Excellent offering chris..........
Baer really should have beat Braddock.........Too much clowning and an Eddie Futch gameplan...
Baer really should have beat Braddock.........Too much clowning and an Eddie Futch gameplan...
TRUSSMAN66- Posts : 40685
Join date : 2011-02-02
Re: Braddock - Shameless defamation of Max baer !!!!!
Read this after the film http://www.slate.com/articles/news_and_politics/culturebox/2005/06/fight_snub.html
Attentive viewers of the climactic fight of Cinderella Man, Ron Howard's Depression-era crowd-pleaser, will notice a Star of David on the red trunks of Max Baer, the lethal opponent of Jim "Cinderella Man" Braddock. The star is significantly less prominent than the one that the real Baer wore in the 1935 fight. It's no surprise that Howard would obscure this detail, as it would complicate his film's Rocky-meets-Seabiscuit narrative. What's funny, and ironic, is that by downplaying Baer's Star of David, Howard may be making an accurate historical comment: Baer was the only self-proclaimed Jew to ever claim the heavyweight crown. But was he really even Jewish?
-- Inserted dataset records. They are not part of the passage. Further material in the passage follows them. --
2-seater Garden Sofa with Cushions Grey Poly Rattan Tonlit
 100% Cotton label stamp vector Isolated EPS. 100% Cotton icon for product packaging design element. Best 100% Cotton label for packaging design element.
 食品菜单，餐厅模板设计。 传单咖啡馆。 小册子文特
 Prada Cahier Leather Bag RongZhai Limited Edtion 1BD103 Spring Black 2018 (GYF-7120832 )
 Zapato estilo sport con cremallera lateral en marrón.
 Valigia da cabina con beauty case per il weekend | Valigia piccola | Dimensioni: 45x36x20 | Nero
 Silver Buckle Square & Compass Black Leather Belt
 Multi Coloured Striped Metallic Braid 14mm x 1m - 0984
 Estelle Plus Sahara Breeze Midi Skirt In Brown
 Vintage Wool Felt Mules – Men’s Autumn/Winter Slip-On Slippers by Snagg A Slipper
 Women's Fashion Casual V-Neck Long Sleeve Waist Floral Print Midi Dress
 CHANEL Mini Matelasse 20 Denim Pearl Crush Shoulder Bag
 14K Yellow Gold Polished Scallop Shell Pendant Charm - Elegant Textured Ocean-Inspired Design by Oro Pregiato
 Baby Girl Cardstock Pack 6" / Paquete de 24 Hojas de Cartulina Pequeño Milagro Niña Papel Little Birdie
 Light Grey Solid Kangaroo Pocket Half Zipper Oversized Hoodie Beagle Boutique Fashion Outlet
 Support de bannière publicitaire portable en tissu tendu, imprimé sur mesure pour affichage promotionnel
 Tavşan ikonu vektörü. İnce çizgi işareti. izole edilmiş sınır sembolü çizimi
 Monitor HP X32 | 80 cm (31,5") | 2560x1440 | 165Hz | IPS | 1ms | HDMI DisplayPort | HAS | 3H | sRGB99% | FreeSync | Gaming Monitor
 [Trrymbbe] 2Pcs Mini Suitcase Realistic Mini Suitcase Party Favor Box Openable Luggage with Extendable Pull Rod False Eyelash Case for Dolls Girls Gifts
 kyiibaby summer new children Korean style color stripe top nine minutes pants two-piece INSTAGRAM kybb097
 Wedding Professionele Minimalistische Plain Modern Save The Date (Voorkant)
To be sure, Cinderella Man's fleeting portrait of Baer as a skirt-chasing playboy, notorious for clowning in the ring, is consistent with published accounts. Baer was also a ferocious hitter—a "larruping thumper," in the Times' gloriously redundant formulation. In his early career, he secured a fearsome reputation on the West Coast, killing a boxer named Frankie Campbell during a 1930 bout. The tragedy so rattled Baer that he lost four of his next six fights. In the film, the death of Campbell is used to build up Baer as a remorseless killer. One movie's terrifying thug, however, is another man's father. "It was after he killed Campbell that he started clowning," Maxie Baer Jr. said in a recent telephone conversation from Las Vegas. "He started smoking cigarettes and he had nightmares for years."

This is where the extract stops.